** DATA FOR THIS TASK follows **

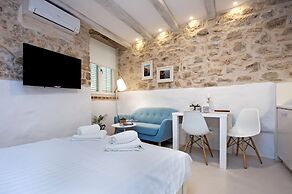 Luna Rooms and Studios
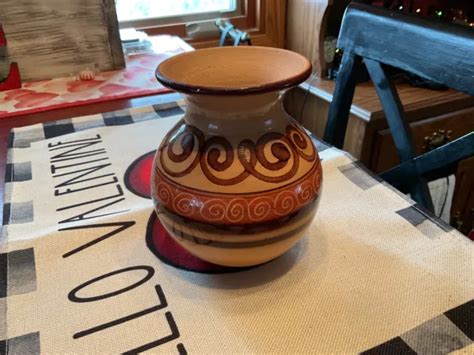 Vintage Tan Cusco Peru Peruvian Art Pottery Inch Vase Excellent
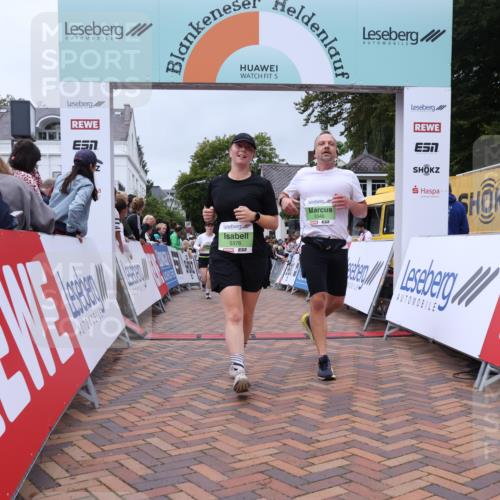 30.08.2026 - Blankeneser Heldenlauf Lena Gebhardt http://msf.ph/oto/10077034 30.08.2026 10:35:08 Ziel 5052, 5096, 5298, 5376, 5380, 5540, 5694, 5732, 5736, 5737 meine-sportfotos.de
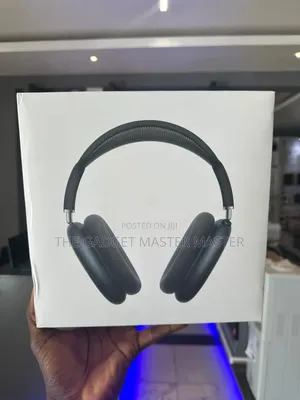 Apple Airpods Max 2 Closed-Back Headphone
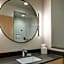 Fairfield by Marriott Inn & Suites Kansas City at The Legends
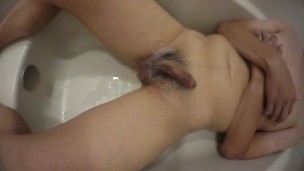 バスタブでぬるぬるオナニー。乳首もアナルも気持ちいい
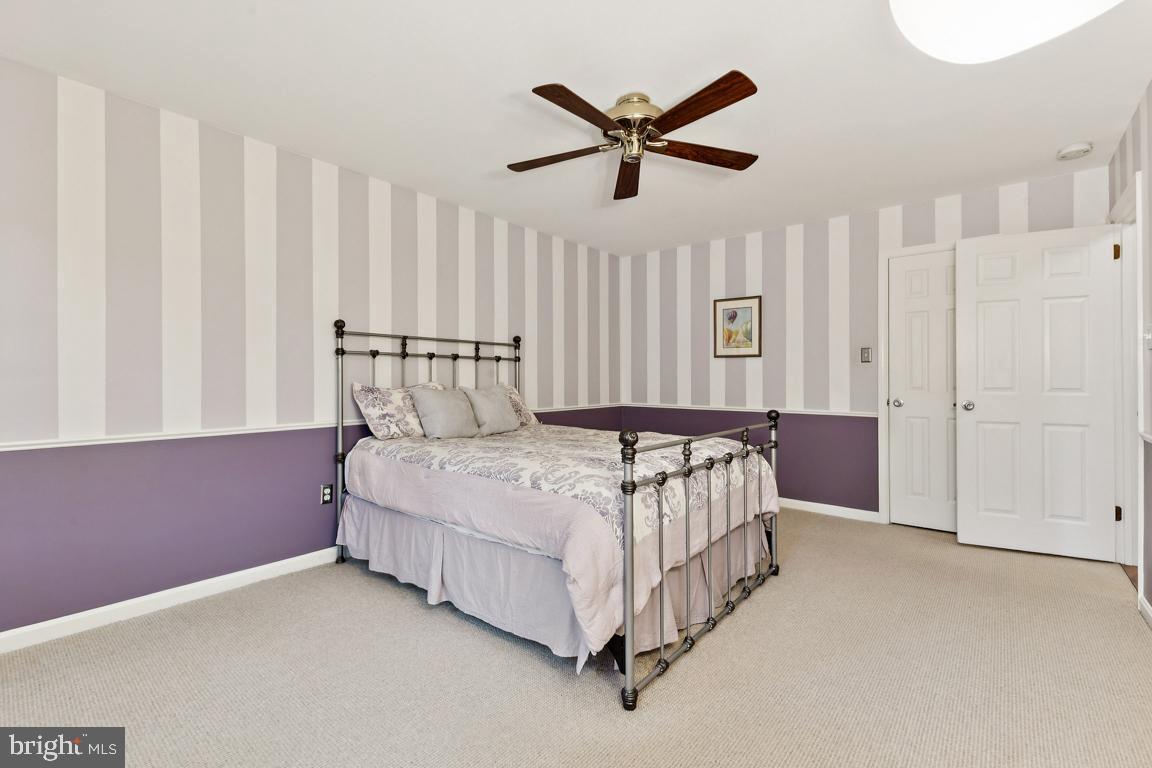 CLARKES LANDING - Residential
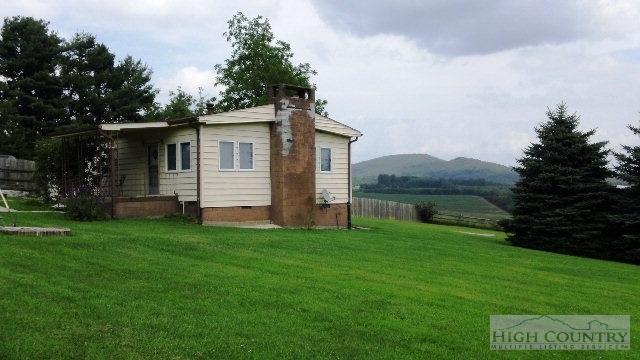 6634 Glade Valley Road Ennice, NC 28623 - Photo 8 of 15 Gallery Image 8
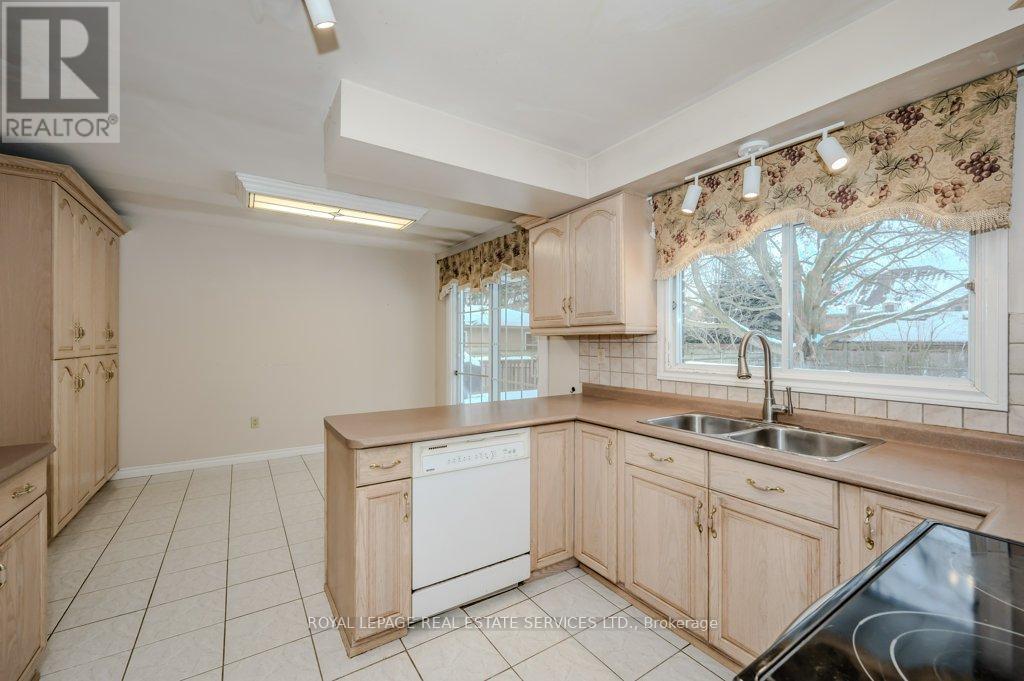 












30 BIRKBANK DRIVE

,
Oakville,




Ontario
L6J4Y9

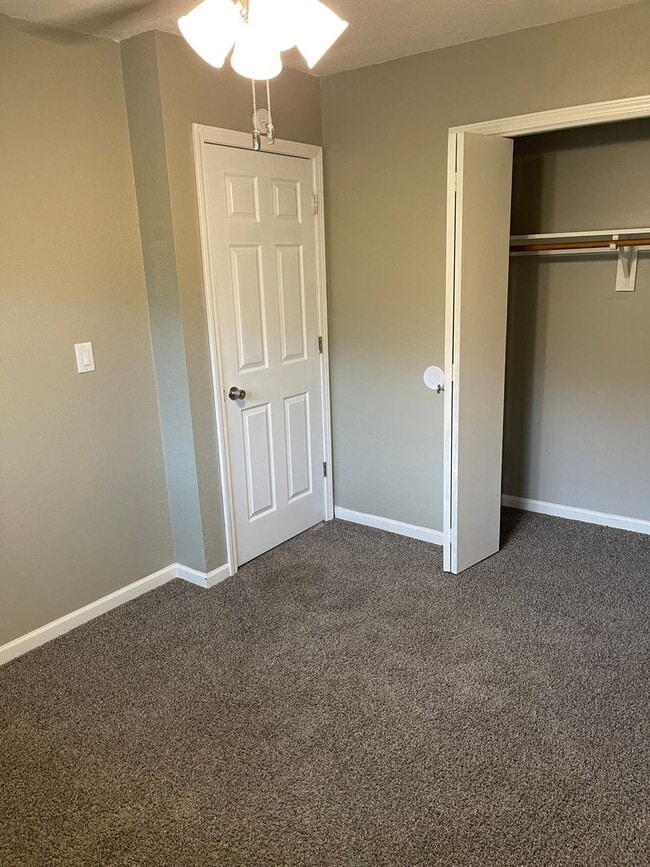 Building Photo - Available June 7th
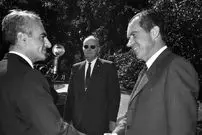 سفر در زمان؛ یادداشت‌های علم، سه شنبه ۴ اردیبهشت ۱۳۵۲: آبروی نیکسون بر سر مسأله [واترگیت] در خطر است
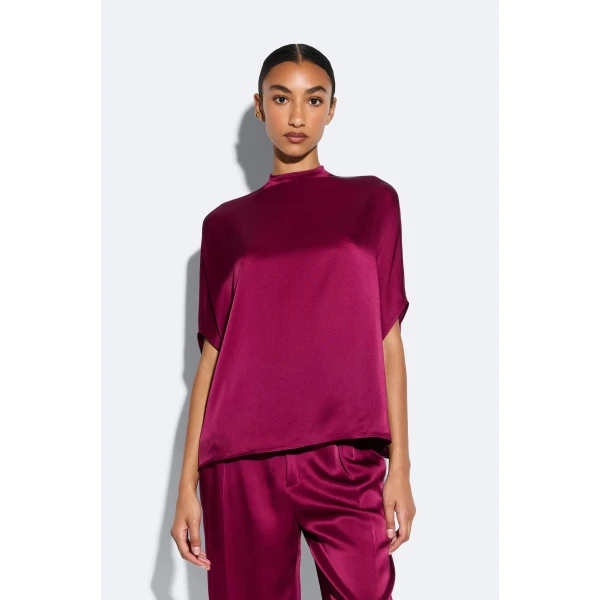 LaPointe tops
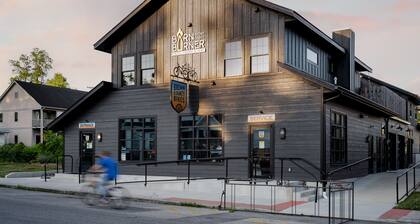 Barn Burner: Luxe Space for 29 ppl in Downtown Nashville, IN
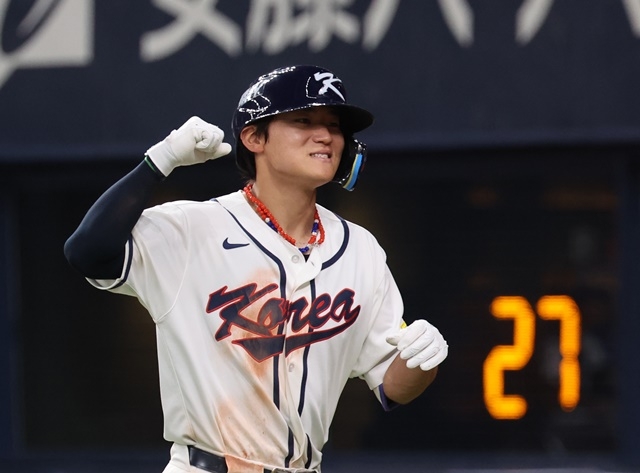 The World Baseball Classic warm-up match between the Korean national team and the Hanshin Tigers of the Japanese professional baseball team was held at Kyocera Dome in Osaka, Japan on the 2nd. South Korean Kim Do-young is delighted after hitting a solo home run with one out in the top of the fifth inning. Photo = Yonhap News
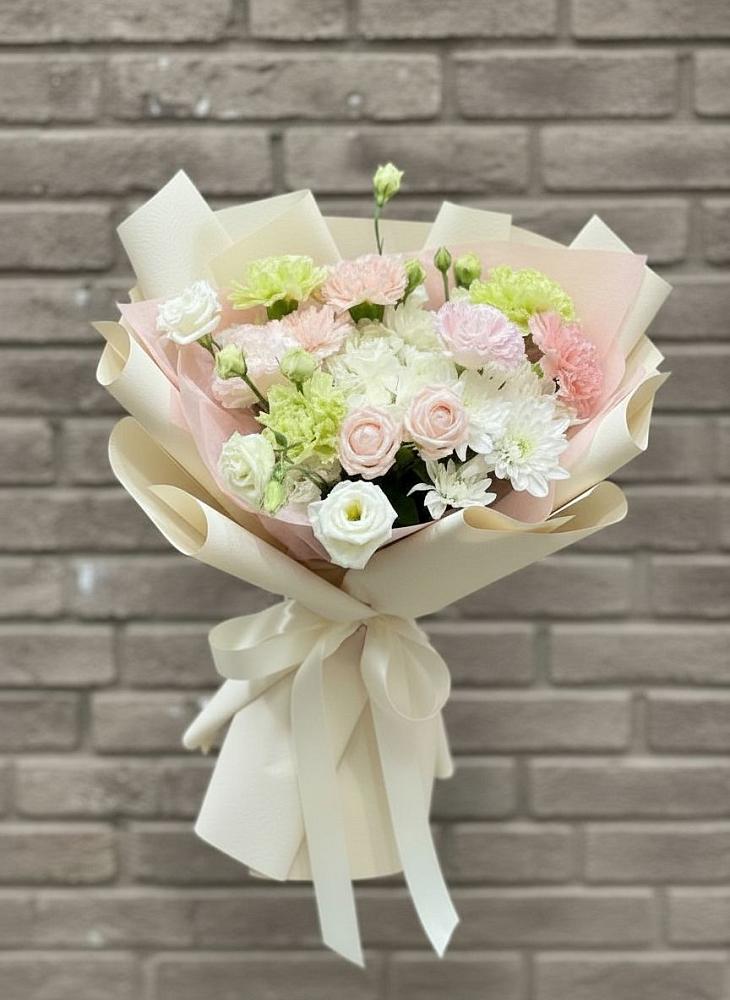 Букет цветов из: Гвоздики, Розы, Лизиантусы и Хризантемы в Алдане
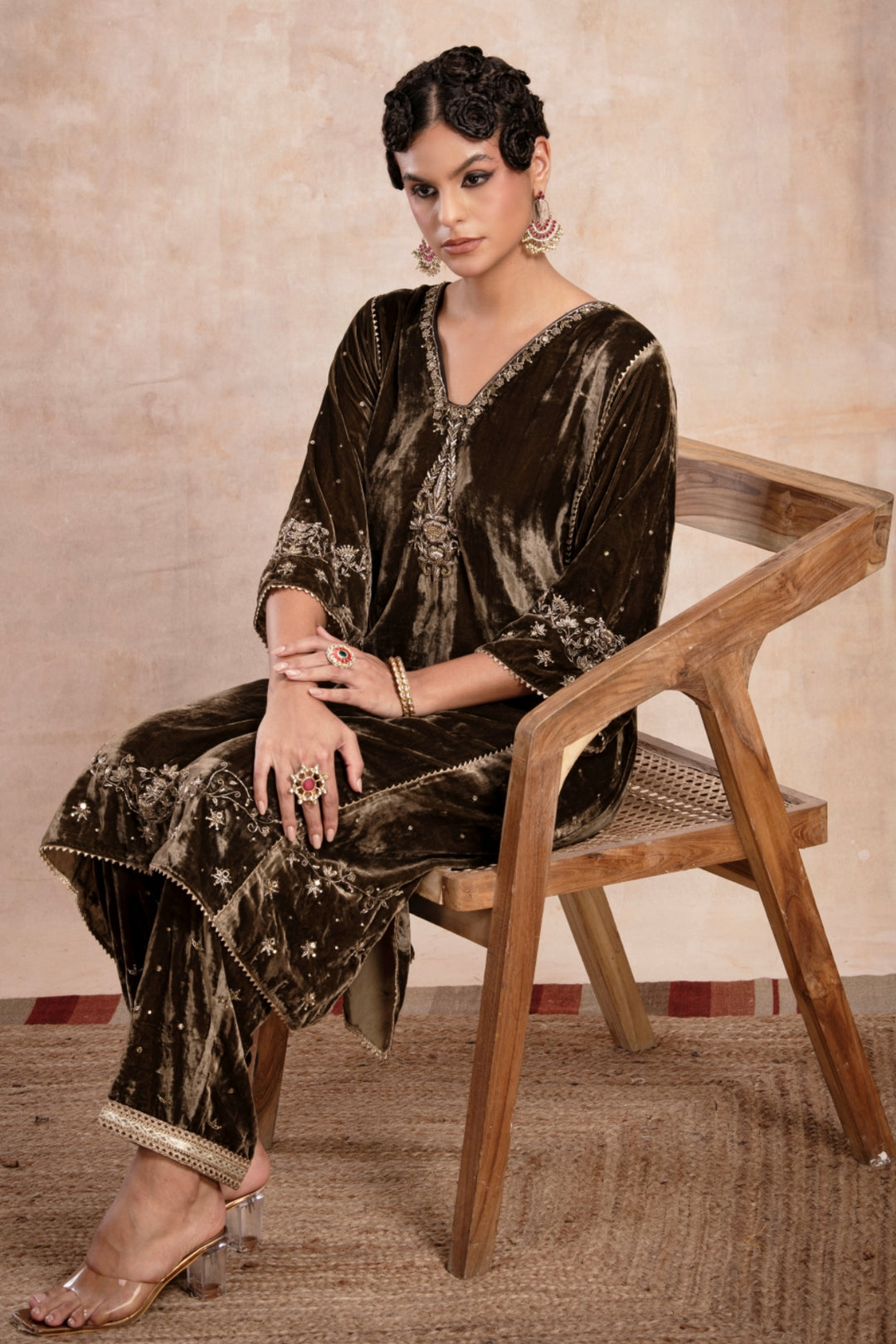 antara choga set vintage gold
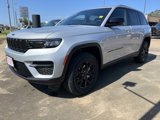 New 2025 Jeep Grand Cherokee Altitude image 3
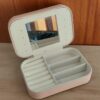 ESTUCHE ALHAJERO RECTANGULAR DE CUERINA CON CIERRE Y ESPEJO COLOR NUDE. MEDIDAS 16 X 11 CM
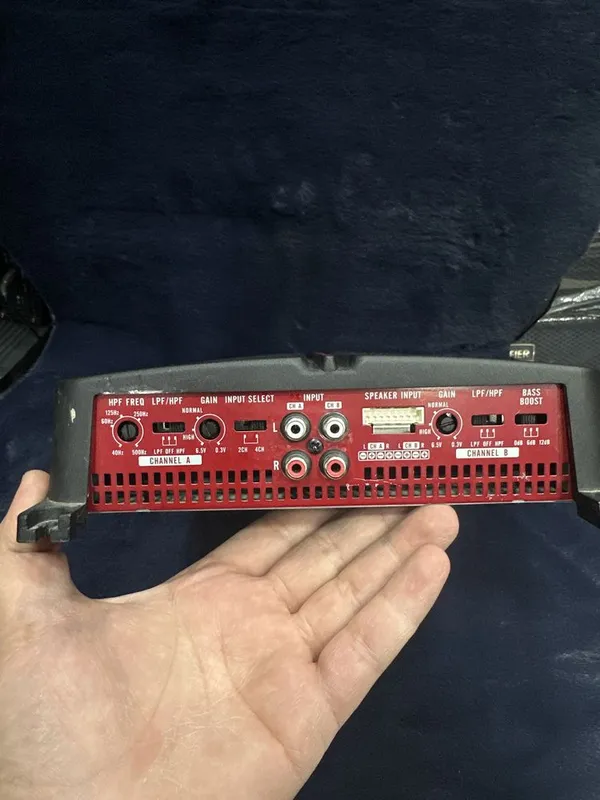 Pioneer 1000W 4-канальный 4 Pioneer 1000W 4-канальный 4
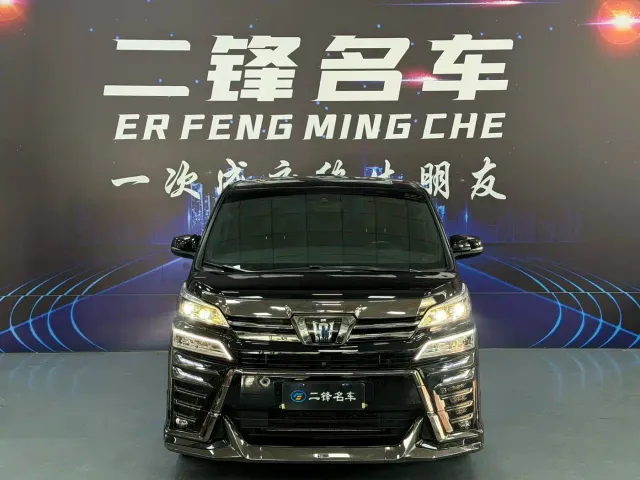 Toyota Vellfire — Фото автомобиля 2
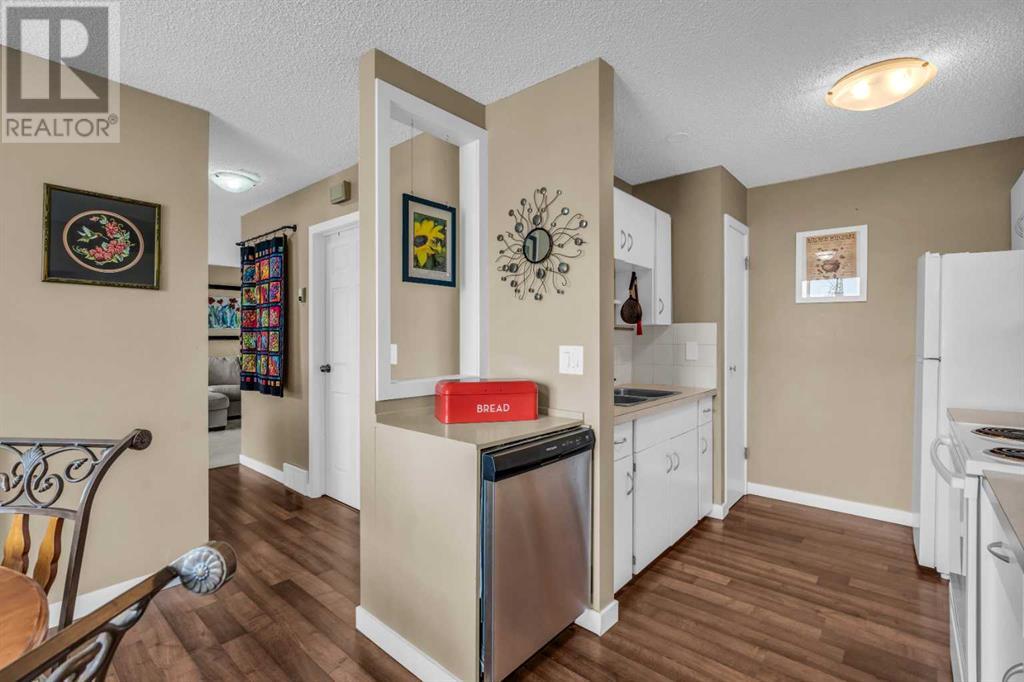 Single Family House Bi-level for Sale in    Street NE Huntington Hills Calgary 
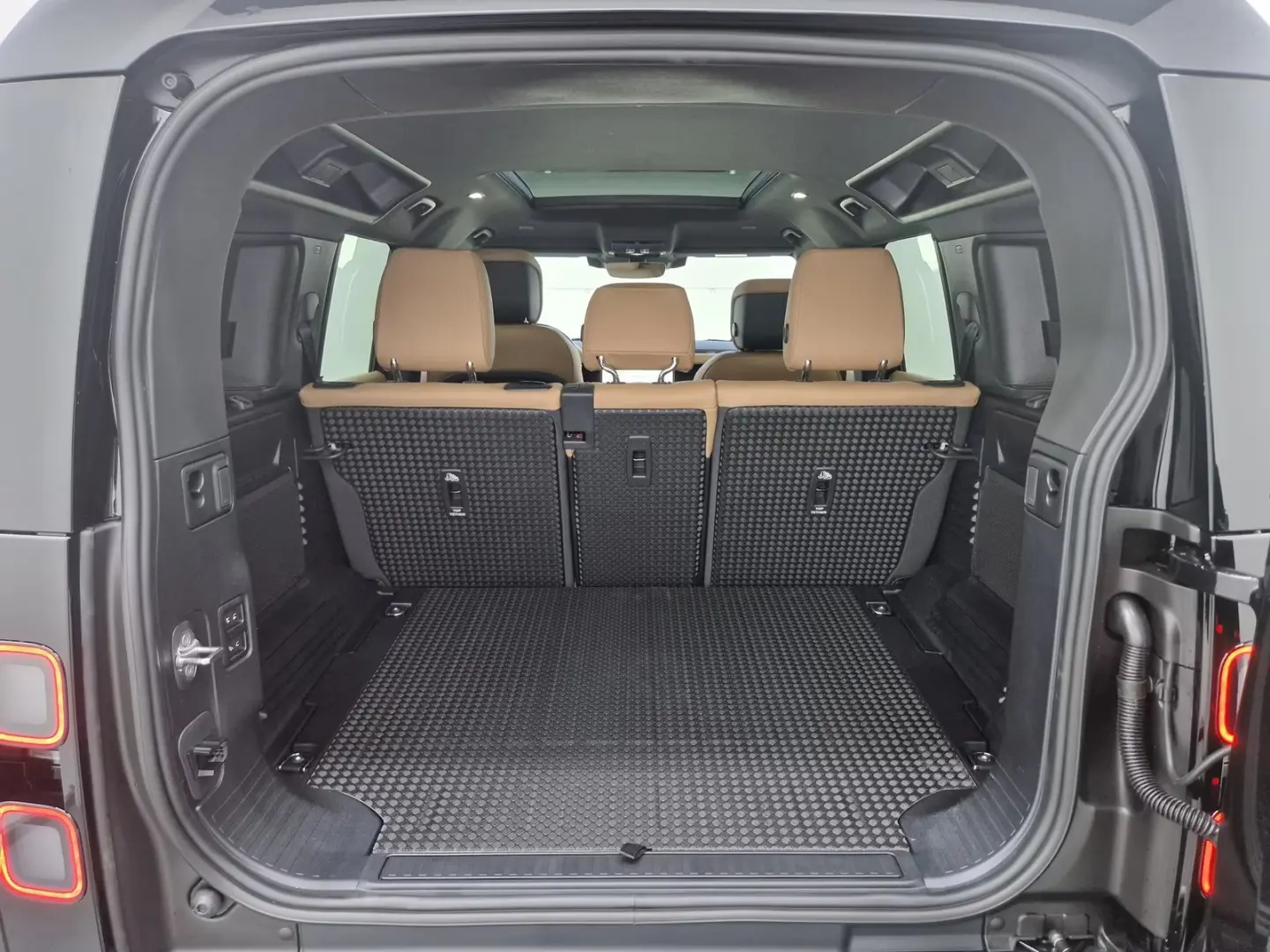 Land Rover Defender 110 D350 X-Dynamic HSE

** End of DATA FOR THIS TASK **

* [EXERCISE DIRECTIONS] Give back an exact repeat of the lines from the top of the data through the line that holds "Apple Airpods Max 2 Closed-Back Headphone", both included, and omit pictures.

* [COMPLETED TASK]
 Luna Rooms and Studios
 Vintage Tan Cusco Peru Peruvian Art Pottery Inch Vase Excellent
 30.08.2026 - Blankeneser Heldenlauf Lena Gebhardt http://msf.ph/oto/10077034 30.08.2026 10:35:08 Ziel 5052, 5096, 5298, 5376, 5380, 5540, 5694, 5732, 5736, 5737 meine-sportfotos.de
 Apple Airpods Max 2 Closed-Back Headphone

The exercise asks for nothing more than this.